There are important lessons for Egyptians to learn from Morsi’s rule:
First, by simply calling for the ouster of a brutal dictator only to be replaced by someone who overtly expresses his faith in Islam is a folly of enormous proportions and will not change the plight of the people.
Second, the real cause of misery for Egyptians is the current system through which America continues to colonise the country. Unless the system is eradicated from its roots, the people will continue to suffer under Washington’s colonial policies implemented by its loyalists in the present regime - be they Islamists or liberals.
Third, the only alternative to the present decadent system is the Islamic Sharia and not Western liberal democracy, as advocated by the short-sighted liberals. Western liberal democracy along with capitalism is dying and even people in the West are eagerly looking for an alternative system.
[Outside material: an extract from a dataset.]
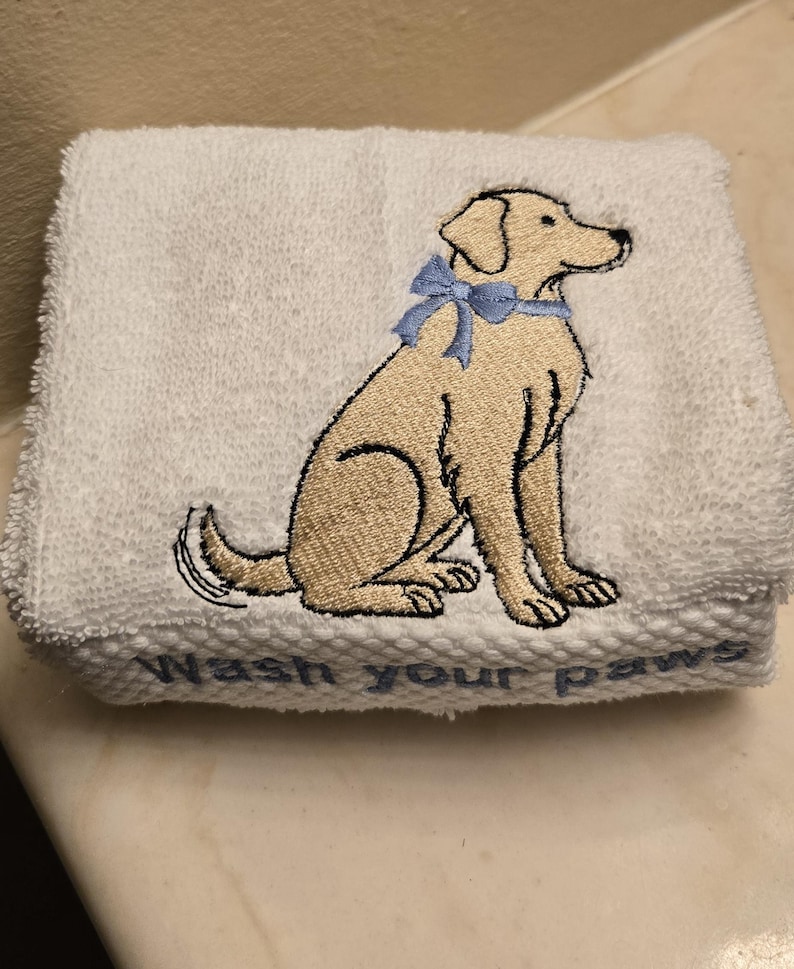 May include: White folded hand towel with an embroidered image of a tan Labrador Retriever wearing a light blue bow. The words "Wash your paws" are embroidered in light blue at the bottom of the towel.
But for Islamic Sharia to succeed, it has to be implemented holistically not in a piecemeal fashion, as championed by Muslim brotherhood and its supporters.
Fourthly, the only practical way to realise the implementation of the Sharia in domestic and foreign policy areas is through the re-establishment of the Caliphate. Only the Caliphate can guarantee an independent economic and foreign policy free from Western interference.
The writer is a political commentator, who specialises in Muslim affairs and global politics.